● **WHAT THE TASK ASKS**: Only the text should come through, so restate the listing exactly and drop its images.

● **INFORMATION PROVIDED**:
◆ ◆ ◆ ◆ ◆

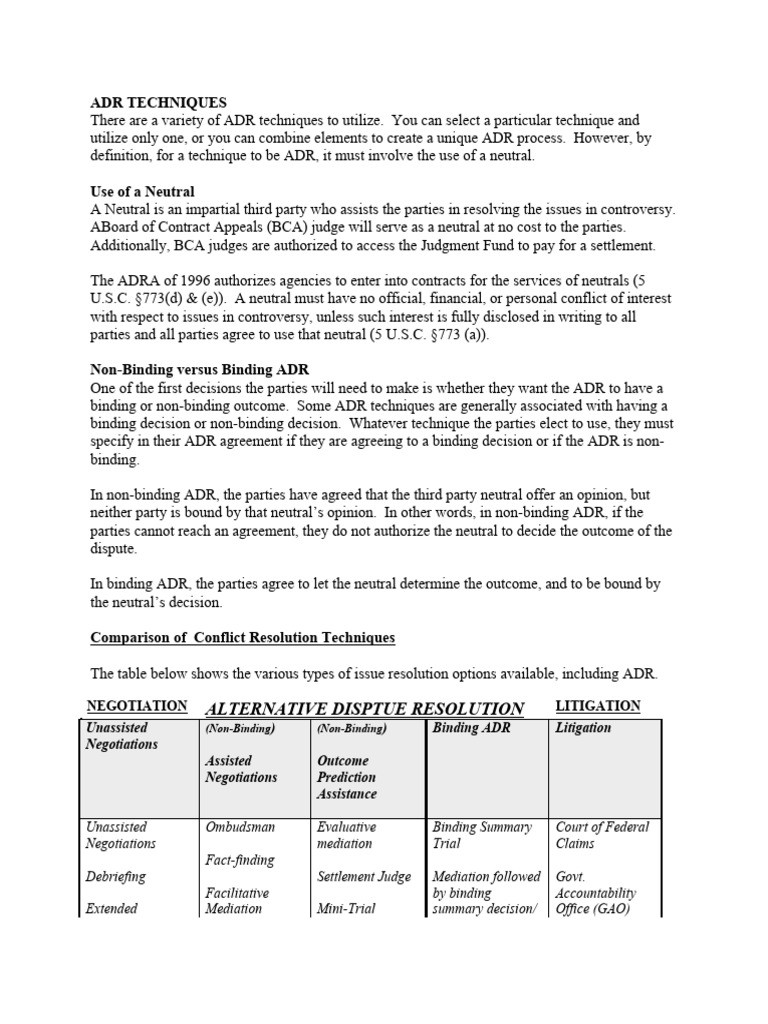 ADR Techniques and Processes Guide | PDF | Mediation | Alternative ...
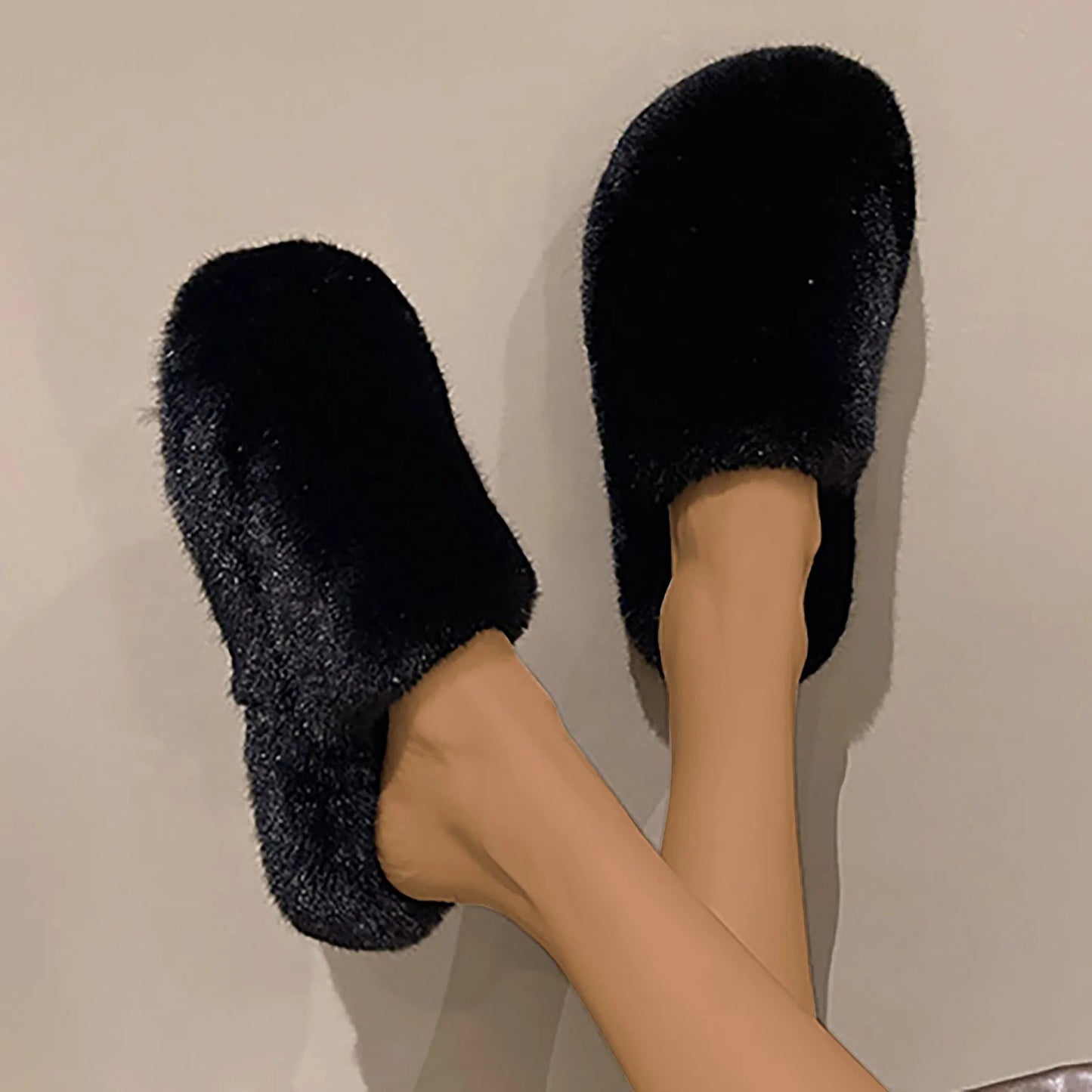 Winter Women Solid Color Fur Slippers Home Indoor Fluffy Slides Warm Plush Bedroom Shoes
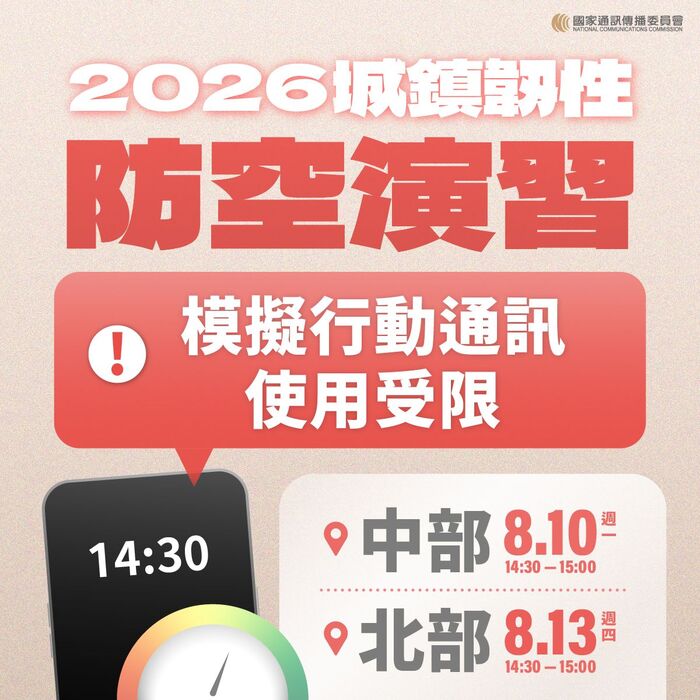 2026城鎮韌性（防空）演習-行動網路降速演練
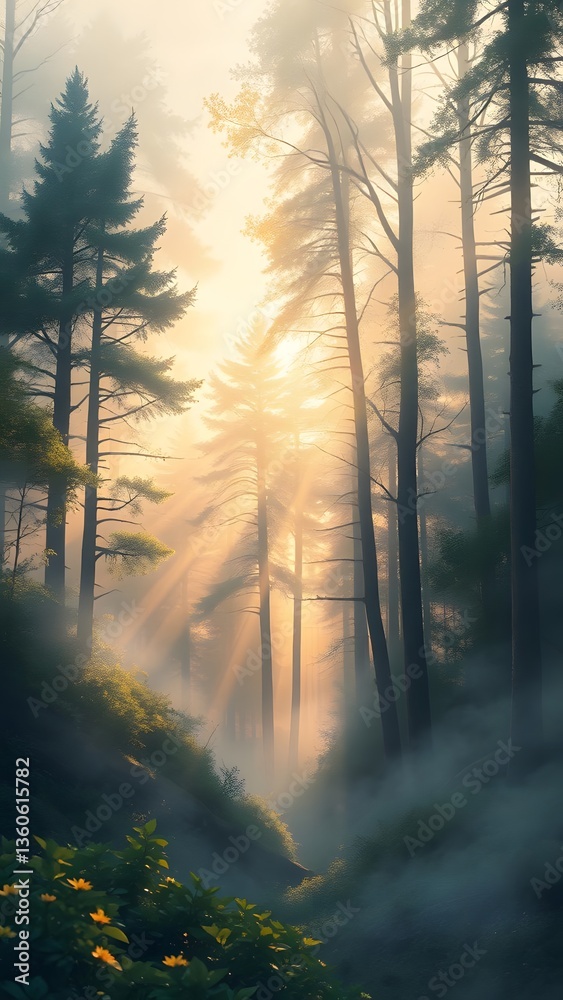 Obraz premium Enchanting forest scene with sunlight and mist, ideal for phone wallpaper.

◆ ◆ ◆ ◆ ◆

● **ANSWER TO THIS PROBLEM**:
 ADR Techniques and Processes Guide | PDF | Mediation | Alternative ...
 Winter Women Solid Color Fur Slippers Home Indoor Fluffy Slides Warm Plush Bedroom Shoes
 2026城鎮韌性（防空）演習-行動網路降速演練
 Obraz premium Enchanting forest scene with sunlight and mist, ideal for phone wallpaper.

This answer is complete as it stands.